Bien, pero ¿qué pasa hoy en Alemania? ¿Puede o no puede hablarse con libertad de cuestiones históricas?

Pese a todos los pesares, si comparamos la libertad intelectual y académica existente en Alemania con la que padecemos en España, el resultado es sonrojante. Una buena muestra la constituye la famosa “Polémica de los Historiadores” (Historikerstreit) que, hace ahora treinta años –mediados los ochenta-, permitió que se expusiesen con claridad algunas posiciones heterodoxas que terminaron creando escuela. 

La citada querella intelectual giró en torno a la interpretación del nacional-socialismo en el conjunto de la historia alemana, que en origen protagonizaron Ernst Nolte y Jürgen Habermas, y que acabó implicando a los principales historiadores e intelectuales germanos. 

Aunque dicha disputa resultó no pocas veces enconada, a nadie se le ocurrió pedir que se privara de la palabra al adversario; un inimaginable, por estos lares, respeto intelectual presidió todo el proceso.

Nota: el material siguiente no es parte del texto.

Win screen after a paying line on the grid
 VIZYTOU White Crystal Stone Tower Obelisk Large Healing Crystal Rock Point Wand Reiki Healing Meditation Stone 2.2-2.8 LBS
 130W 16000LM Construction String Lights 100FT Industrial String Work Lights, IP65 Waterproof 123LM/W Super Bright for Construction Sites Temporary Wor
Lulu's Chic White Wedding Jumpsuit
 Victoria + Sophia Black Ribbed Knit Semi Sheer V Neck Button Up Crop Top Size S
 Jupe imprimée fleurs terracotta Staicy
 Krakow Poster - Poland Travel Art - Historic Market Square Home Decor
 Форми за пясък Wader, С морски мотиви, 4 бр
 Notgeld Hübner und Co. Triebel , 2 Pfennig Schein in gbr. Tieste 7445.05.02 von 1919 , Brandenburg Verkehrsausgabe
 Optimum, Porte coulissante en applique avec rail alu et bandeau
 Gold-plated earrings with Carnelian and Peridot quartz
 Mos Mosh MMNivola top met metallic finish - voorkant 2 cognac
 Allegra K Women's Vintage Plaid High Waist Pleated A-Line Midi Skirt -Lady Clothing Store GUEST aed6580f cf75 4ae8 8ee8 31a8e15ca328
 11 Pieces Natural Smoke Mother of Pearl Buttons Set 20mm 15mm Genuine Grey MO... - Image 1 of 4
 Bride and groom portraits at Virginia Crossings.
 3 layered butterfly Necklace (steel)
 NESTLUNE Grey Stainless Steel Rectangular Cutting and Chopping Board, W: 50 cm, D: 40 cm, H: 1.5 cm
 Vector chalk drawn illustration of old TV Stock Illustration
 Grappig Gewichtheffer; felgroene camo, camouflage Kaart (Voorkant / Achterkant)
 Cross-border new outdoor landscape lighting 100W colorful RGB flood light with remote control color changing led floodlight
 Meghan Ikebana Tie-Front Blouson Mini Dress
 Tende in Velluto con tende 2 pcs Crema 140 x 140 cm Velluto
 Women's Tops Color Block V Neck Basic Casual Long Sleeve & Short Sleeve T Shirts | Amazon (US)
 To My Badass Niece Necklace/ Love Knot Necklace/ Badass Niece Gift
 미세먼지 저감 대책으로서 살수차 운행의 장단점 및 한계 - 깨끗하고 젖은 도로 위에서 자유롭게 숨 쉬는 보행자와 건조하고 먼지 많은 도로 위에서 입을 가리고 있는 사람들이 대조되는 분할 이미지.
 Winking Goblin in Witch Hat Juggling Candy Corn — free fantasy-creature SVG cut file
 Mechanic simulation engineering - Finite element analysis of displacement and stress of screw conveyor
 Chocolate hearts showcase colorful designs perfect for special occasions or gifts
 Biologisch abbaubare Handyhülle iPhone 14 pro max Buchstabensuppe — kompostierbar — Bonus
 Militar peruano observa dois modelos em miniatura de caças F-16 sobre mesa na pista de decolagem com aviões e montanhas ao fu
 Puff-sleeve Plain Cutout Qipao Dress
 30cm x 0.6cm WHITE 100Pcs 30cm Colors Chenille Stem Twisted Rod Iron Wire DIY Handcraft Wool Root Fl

Y es que el mundo académico alemán ha sido notablemente plural, algo que contrasta con la España actual. 

Eso permitió que Andreas Hillgruber hablase de “comprensión crítica” al respecto de la Wehrmacht que defendió las fronteras de Europa en 1944-45 frente al ejército soviético, lo que incluía a las unidades de las Waffen SS que participaron en dicha resistencia. Al calor del debate, Karl Dietrich Erdmann llegó a hablar de la grandeza histórica de Hitler, aunque matizase que se trataba de “una grandeza diabólica”, siguiendo a Burckhardt y, en cierto modo, a Hegel.

Desde luego que todo esto no solo generó polémica, sino que fue el centro de encendidos debates, siempre presididos por el respeto a a la inteligencia.  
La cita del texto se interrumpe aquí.